We keep hearing that the depression is over – in fact it ended two years ago.
So why is the economy still so rotten?
The answer is in how you define “depression.” And, how you define unemployment. And inflation. Yes, the devil is in the details, or as Mark Twain noted: “There are three kinds of lies: lies, damned lies, and statistics.”
For example, core inflation as measured by the gub’mint’s CPI (Consumer Price Index) counts things like housing prices, but not oil or food. Housing prices are down, so the official inflation/CPI numbers are down as well. The problem with that is, even if you own a home, you probably aren’t buying and selling houses on a regular basis. You are, however, likely to be buying gasoline and foodstuffs. In short, the reality of your pocketbook is not connected to government measurements of the reality of your pocketbook. (The real inflation rate is calculated around 10%).

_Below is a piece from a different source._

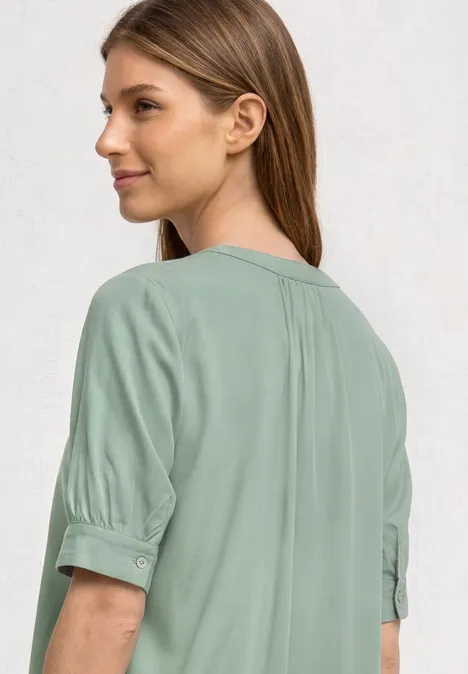 Kurzarm Bluse mit Split Neck und Elastiksaum eucalyptus green Frau von hinten in salbeigrüner Bluse mit halblangen Ärmeln.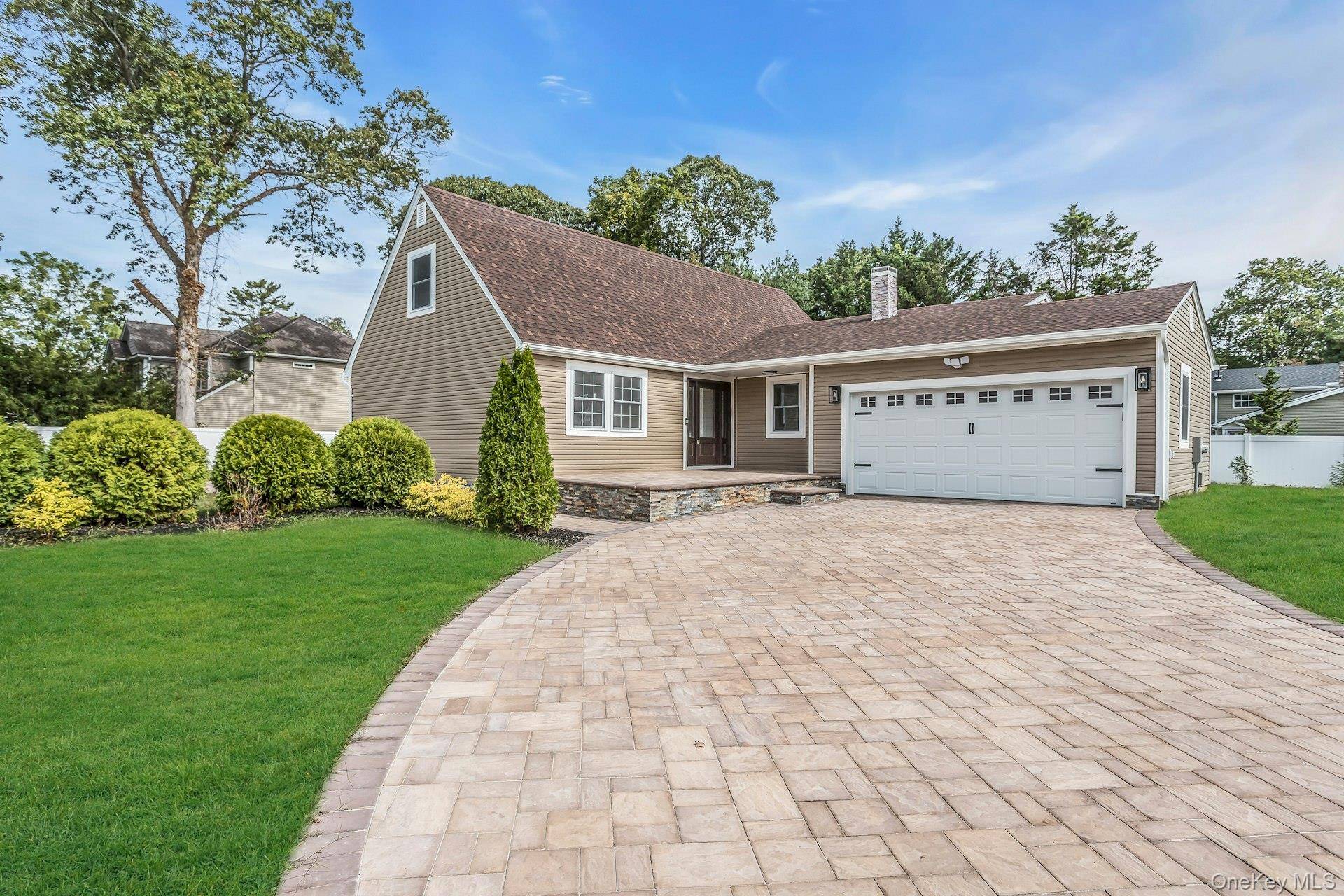 Luxuriously renovated 5 bedroom and 4 bathroom 2 family duplex boasting over 4, 300 sq ft of legal living space on a private half acre cul de sac.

Unemployment? The real unemployment rate as of early June is calculated somewhere between 16.6% and 22%. What makes this number “real” (versus the numbers the gub’mint flogs) is that it includes people who’ve given up looking for work, and people who are stuck in part-time jobs because they can’t get anything better. But even the real unemployment rate misses a big chunk of the population — the self-employed who don’t qualify for unemployment checks when their business tanks, or who are limping along not making enough money to live on, because their business has tanked.
Obama has been the ultimate “spin” president. Ignore the fact he had no administrative experience – he’d be great running the US! Forget about his radical associations with people like Bill Ayers, he’s a moderate! His own words about redistribution of wealth — pay no attention! And now we’re being asked not to believe our lying eyes about what’s happening in the US economy. Just take the government’s word for it – all is well.